- _Exercise prompt_: Write down exactly what lies from the line containing "9. Gremlins (1984)" to the end of the records, inclusive, and omit the pictures.

- _Stored data_:
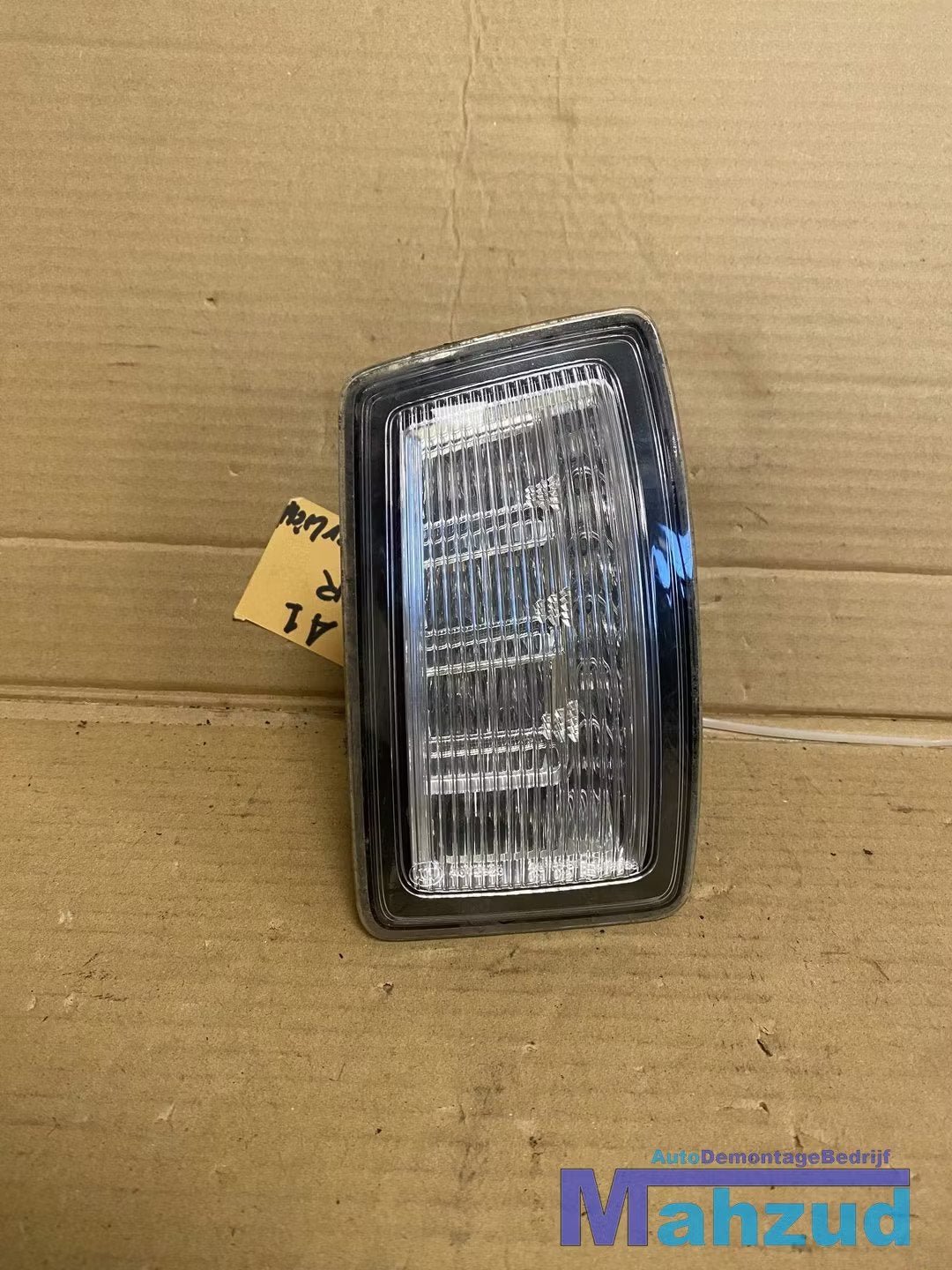 AUDI A1 Achterlicht LED Rechts 2010-2018, Gebruikt, AUDI AG, Auto-Union-Strasse 1
85045  Ingolstadt, DE, Kundenbetreuung@audi.de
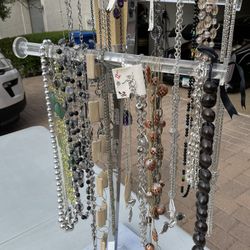 Necklaces $5 Each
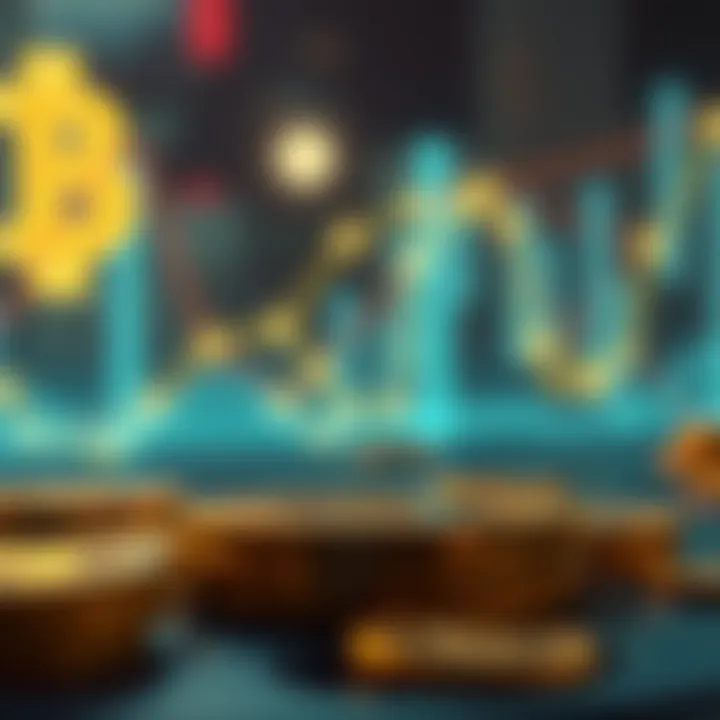Exploring Investment Opportunities in Cryptocurrency Summary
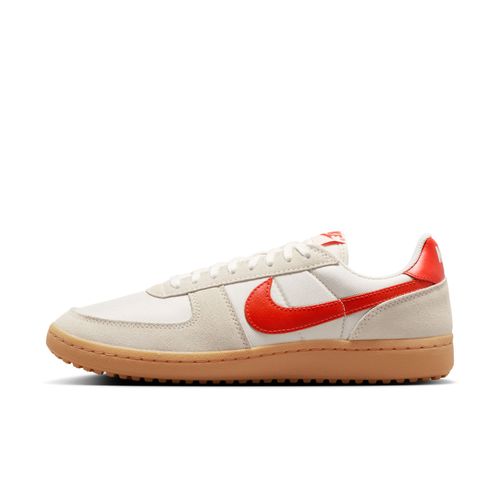 Chaussure Nike Field General Pour Homme Pale Ivory/gum Yellow/picante Red Hf3165104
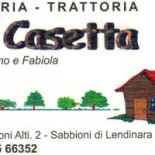 Pizzeria Trattoria La Casetta Lendinara
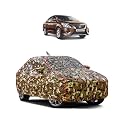 Waterproof Body Car Cover for Honda Accord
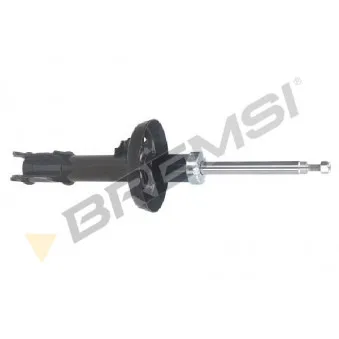 Amortisseur avant droit BREMSI SA0294 pour OPEL ZAFIRA 1.6 16V - 101cv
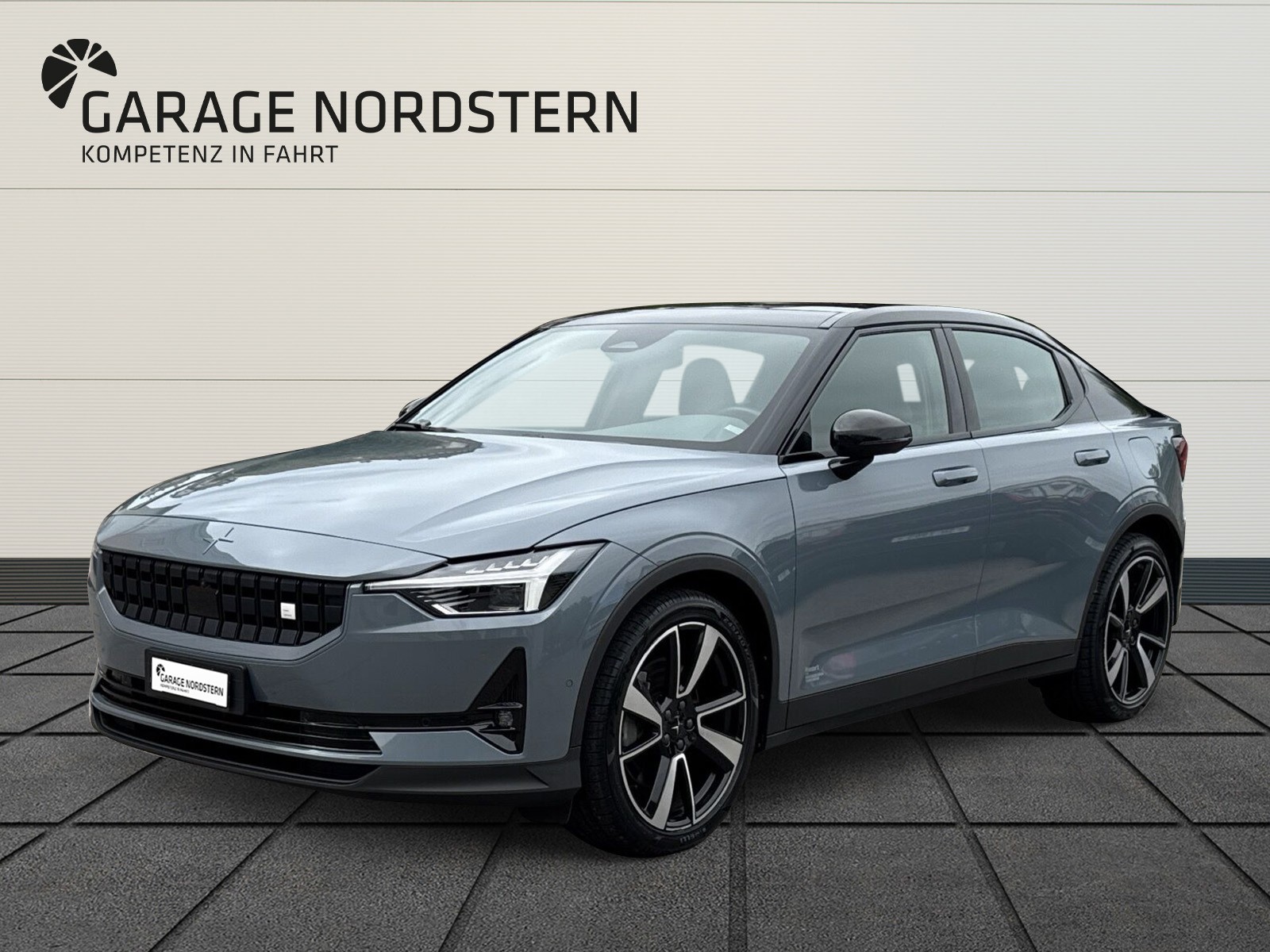 POLESTAR 2 Long Range Dual Motor-image-0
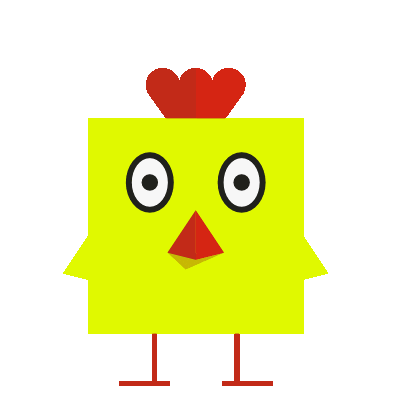 Happy Dance Sticker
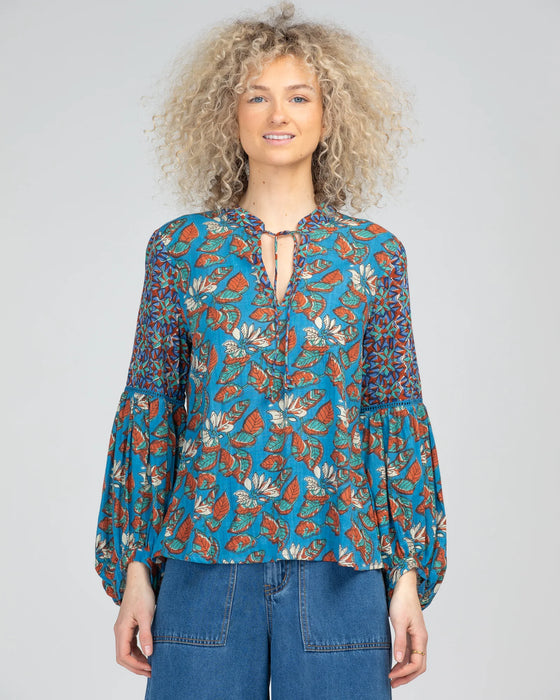 Mittee Top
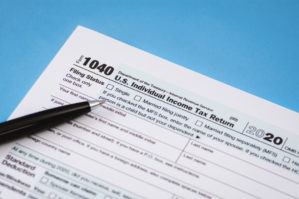 individual tax deadline extended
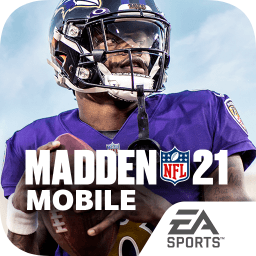 麦登橄榄球21手游(Madden NFL)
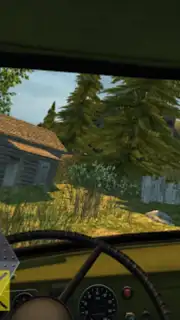 4x4 Russian SUVs Off-Road capture 3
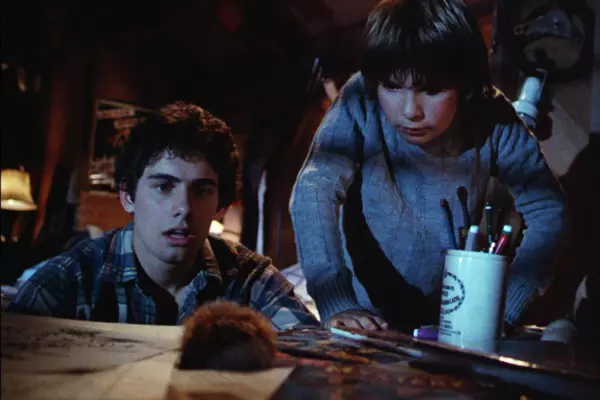 9. Gremlins (1984)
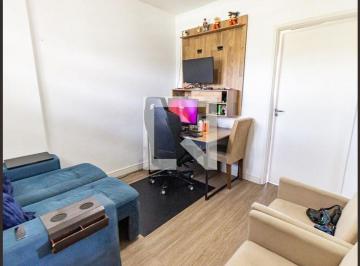 Apartamento · 49m² · 2 Quartos · Apartamento à Venda - Mooca, 2 Quartos,  49 m² - São Paulo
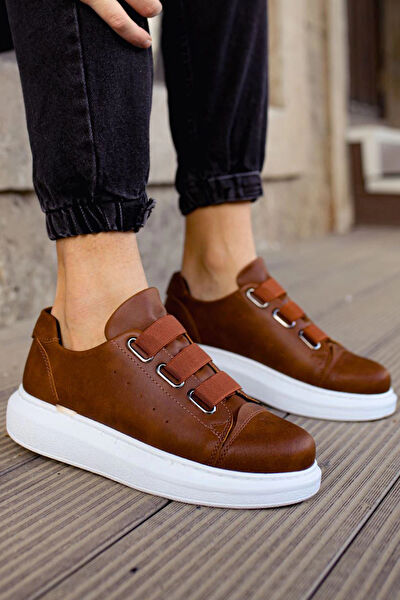 NATURALSHOES Erkek Sneaker Ayakkabı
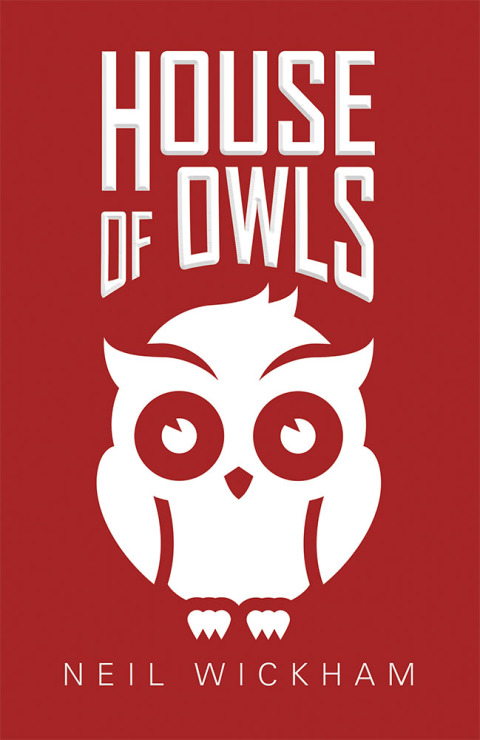 Cover image for book House of Owls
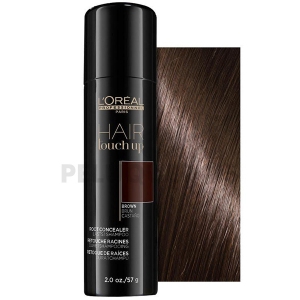 Comprar Hair Touch Up Corrector de Raiz Castaño 75ml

- _Result of this task_:
 9. Gremlins (1984)
 Apartamento · 49m² · 2 Quartos · Apartamento à Venda - Mooca, 2 Quartos,  49 m² - São Paulo
 NATURALSHOES Erkek Sneaker Ayakkabı
 Cover image for book House of Owls
 Comprar Hair Touch Up Corrector de Raiz Castaño 75ml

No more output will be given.